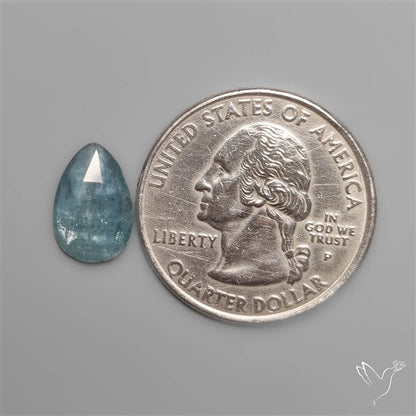Rose Cut Paraiba Blue Kyanite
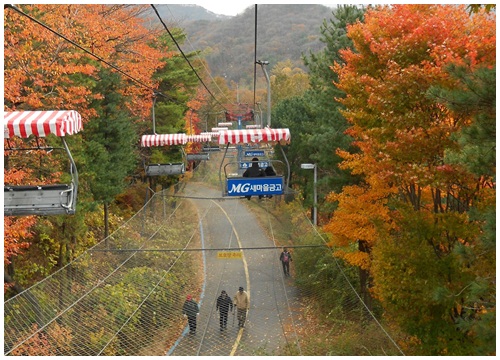 Ngắm những cung đường lá đổi màu vàng ươm tuyệt đẹp ở Seoul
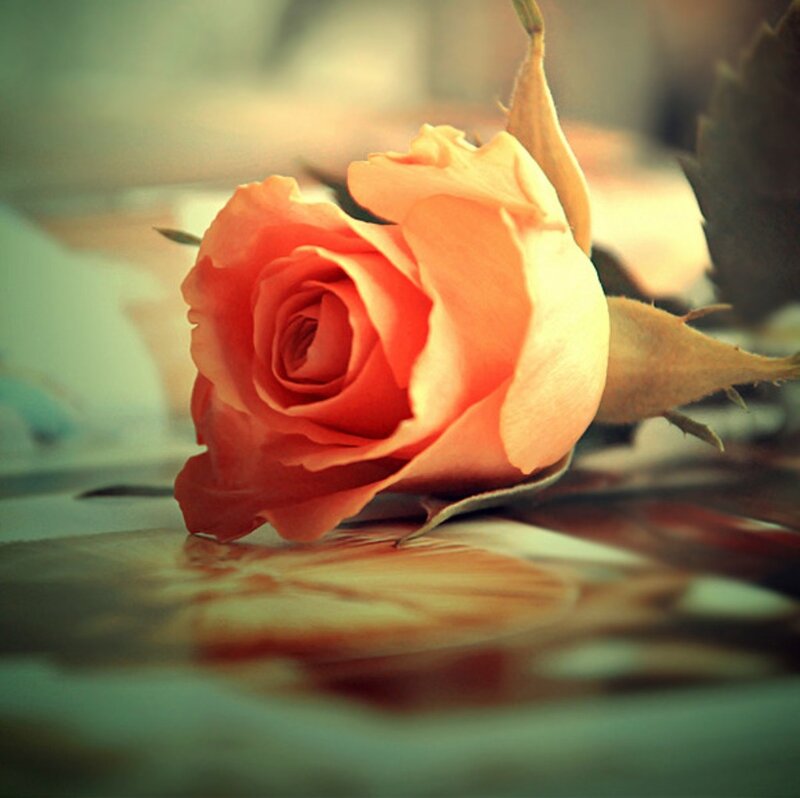 Orange Rose on Surface — Calm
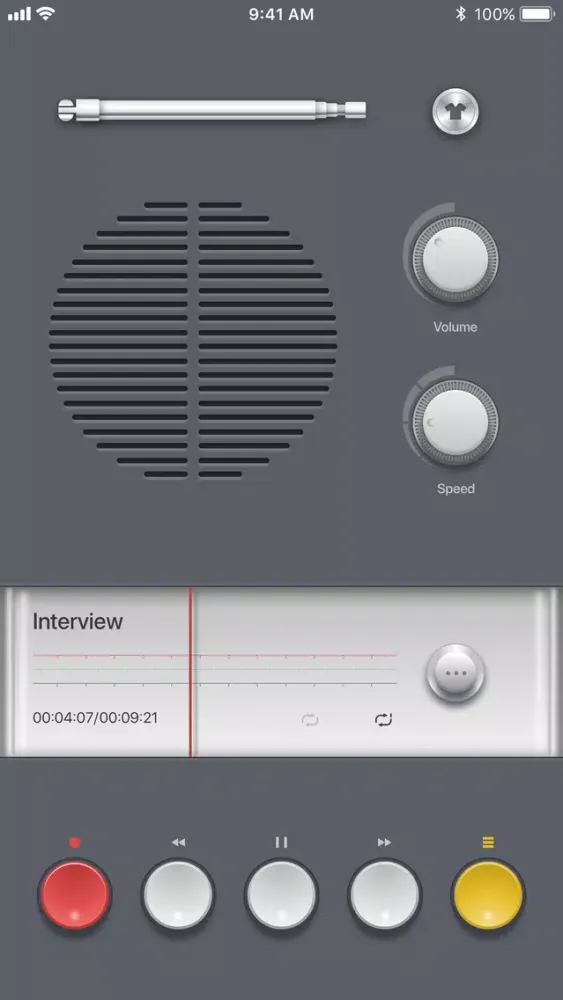 Voice Recorder PRO, Recording سکرین شاٹس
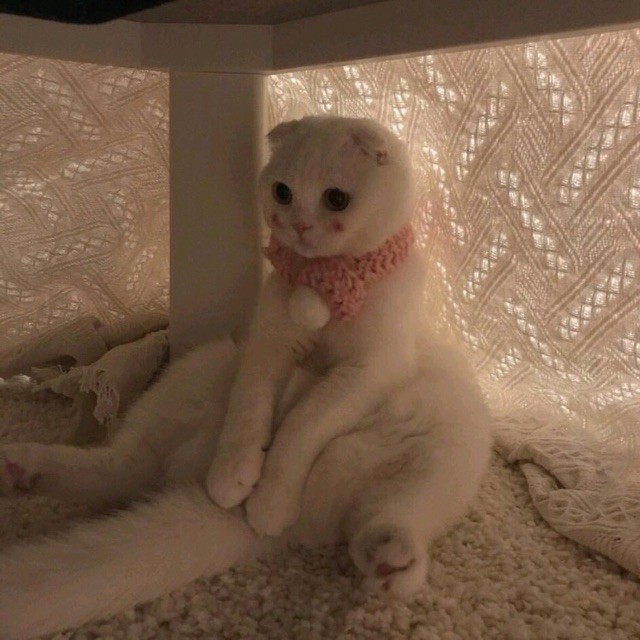 723277 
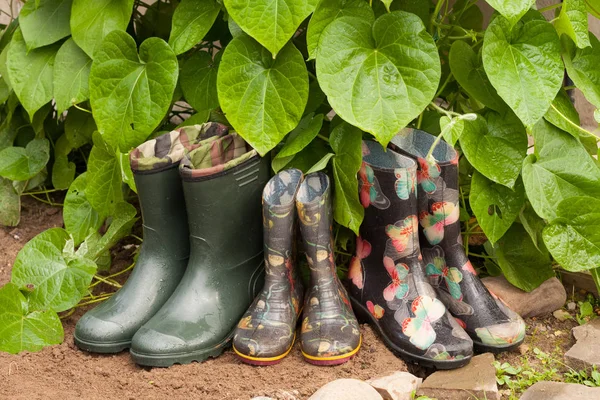 Rubber Boots With Green Leaves Plant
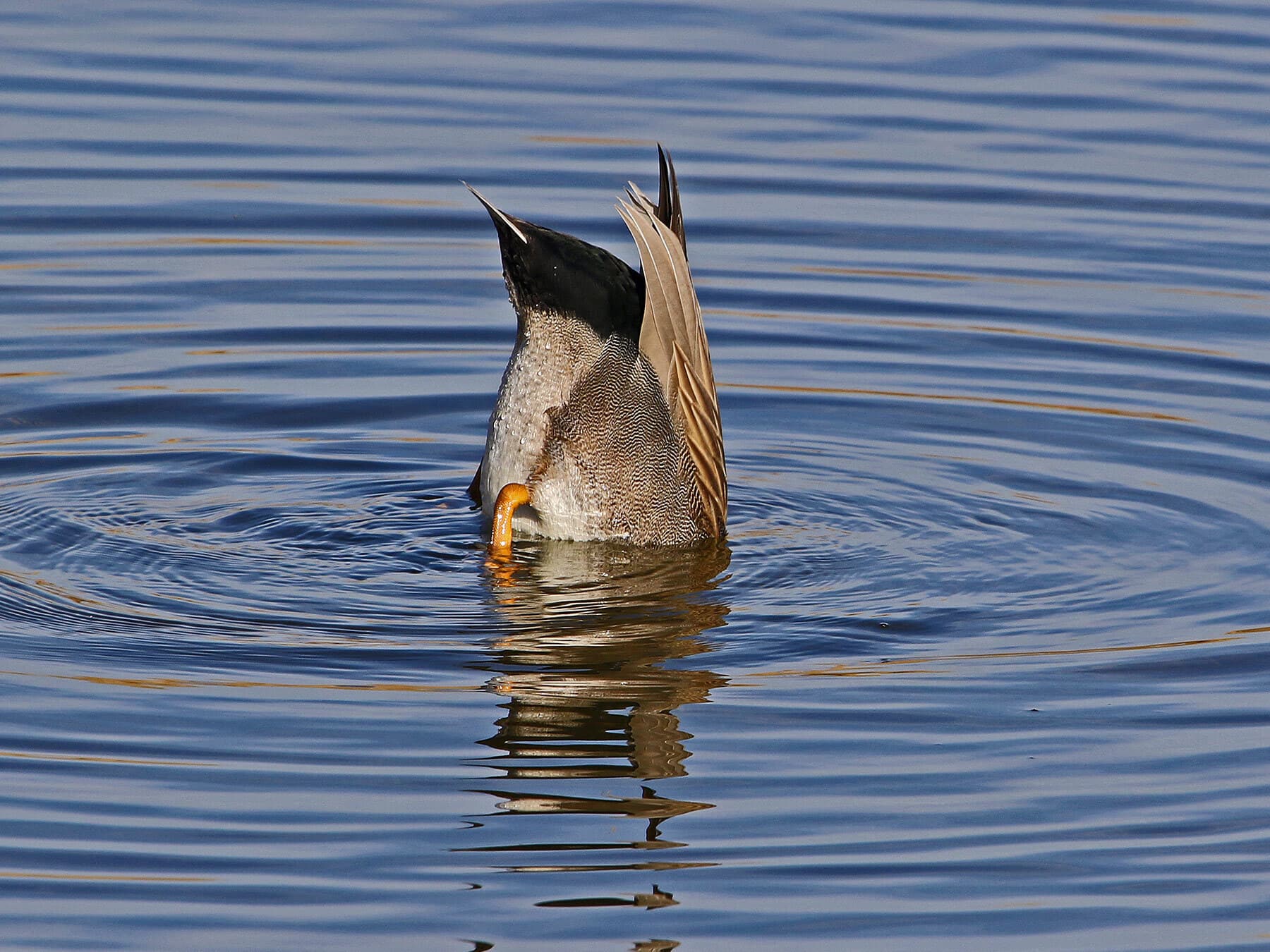 Gadwall diving for food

**What needs to be done:**
Each line from the one with "Voice Recorder PRO, Recording سکرین شاٹس" to the last line of the listing should be returned exactly, both ends included, and no picture with them.

**Exercise output:**
 Voice Recorder PRO, Recording سکرین شاٹس
 723277 
 Rubber Boots With Green Leaves Plant
 Gadwall diving for food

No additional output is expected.